Lebih lanjut Bupati Haris mencontohkan bagaimana petani kentang di kawasan Bromo masih menjaga kelestarian tanah tanpa banyak bergantung pada pestisida. Ini berbeda dengan trend di daerah lain yang menyebabkan degradasi unsur hara tanah akibat pemakaian bahan kimia berlebihan. "Rasa syukur masyarakat Tengger ini perlu dijadikan contoh, tidak hanya di Probolinggo, tapi juga secara nasional," tambahnya.
Bupati Haris juga menyampaikan terbitnya SK Pengakuan Masyarakat Hukum Adat Tengger akan menjadi regulasi formal pertama di tingkat kabupaten di wilayah Jawa Timur.
“SK ini akan menjadi acuan, semoga bisa diikuti oleh kabupaten lain di sekitar kawasan TNBTS seperti Lumajang, Pasuruan dan Malang. Apalagi teman-teman DPRD juga berencana menggagas Raperda (Rancangan Peraturan Daerah) Tentang Pengakuan Masyarakat Adat,” jelasnya.
Dalam kesempatan tersebut Bupati Haris juga menyampaikan tentang pentingnya mendokumentasikan sejarah masyarakat Tengger, termasuk kisah legenda Rara Anteng dan Joko Seger yang selama ini hanya dituturkan secara lisan. “Kita ingin narasi ini tertulis dengan rujukan yang sahih agar bisa diwariskan ke generasi berikutnya. Ini penting agar tidak terjadi distorsi sejarah,” lanjutnya.
Bupati Haris meminta kerja sama lintas sektor, termasuk melibatkan Dinas Pendidikan dan Kebudayaan, sekolah-sekolah serta komunitas sejarah lokal untuk menyusun dokumen resmi tentang sejarah dan budaya Tengger, termasuk situs-situs penting sebelum era Majapahit.
“Dalam jangka panjang, pelestarian budaya Tengger ini diharapkan bisa bersinergi dengan sektor pariwisata. Wilayah Gunung Bromo yang menjadi magnet wisatawan nasional dan internasional diyakini akan semakin kuat daya tariknya jika diintegrasikan dengan narasi budaya lokal. Apalagi disini ada SMK yang luar biasa, mari kita arahkan agar budaya dan pariwisata bisa jalan bersama,” ajaknya.
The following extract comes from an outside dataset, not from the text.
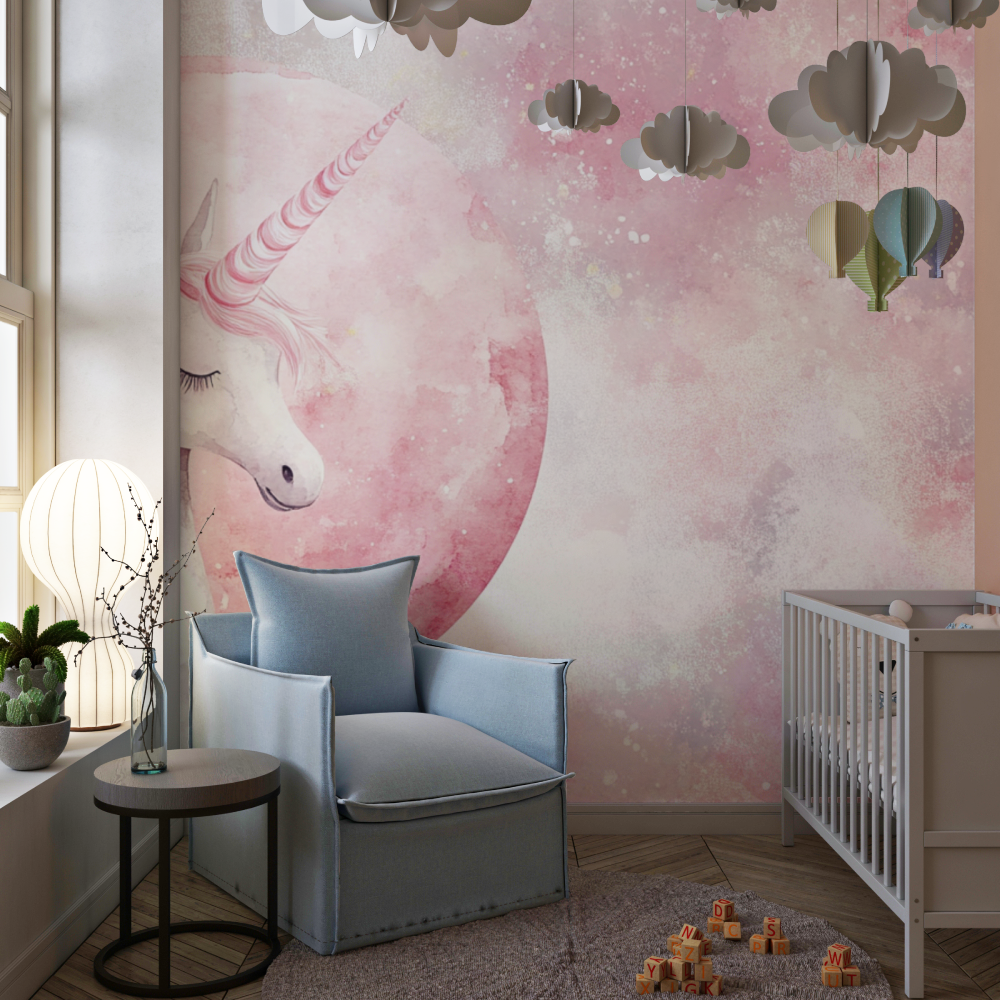 Papel de parede de decoração de unicórnio para quarto de adolescentes Lua cor-de-rosa | Murais Papel de parede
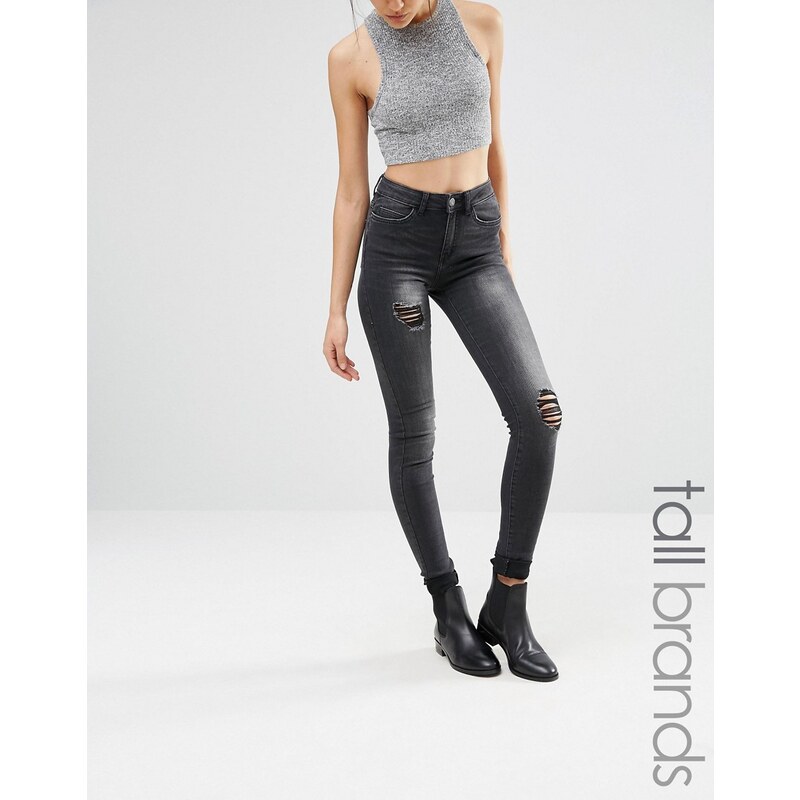 Noisy May Tall - Lucy - Jeans in Used-Optik - Schwarz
Menurut Bupati Haris, perlunya perhatian khusus terhadap perempuan adat dan generasi muda dalam proses pelestarian budaya. Pemerintah berkomitmen membuka ruang lebih luas agar mereka ikut dalam proses rembuk budaya, pelatihan serta pelibatan dalam forum-forum strategis kebudayaan. “Silaturahmi harus terus dijaga. Komunikasi itu kunci. Ke depan, kita ingin masyarakat Tengger menjadi model bagaimana budaya dijaga dengan penuh cinta,” tegasnya.
Bupati Haris mengajak kepada semua untuk menjadikan momentum ini sebagai langkah awal menuju pengakuan formal, pelestarian dan pemajuan kebudayaan lokal berbasis masyarakat adat.
“Bagi kami prinsipnya hanya satu, apa sih yang tidak buat masyarakat Tengger. Ini bukan sekedar seremoni, tapi langkah strategis menuju masa depan yang lebih berbudaya dan berdaulat secara adat,” pungkasnya. (put/zid)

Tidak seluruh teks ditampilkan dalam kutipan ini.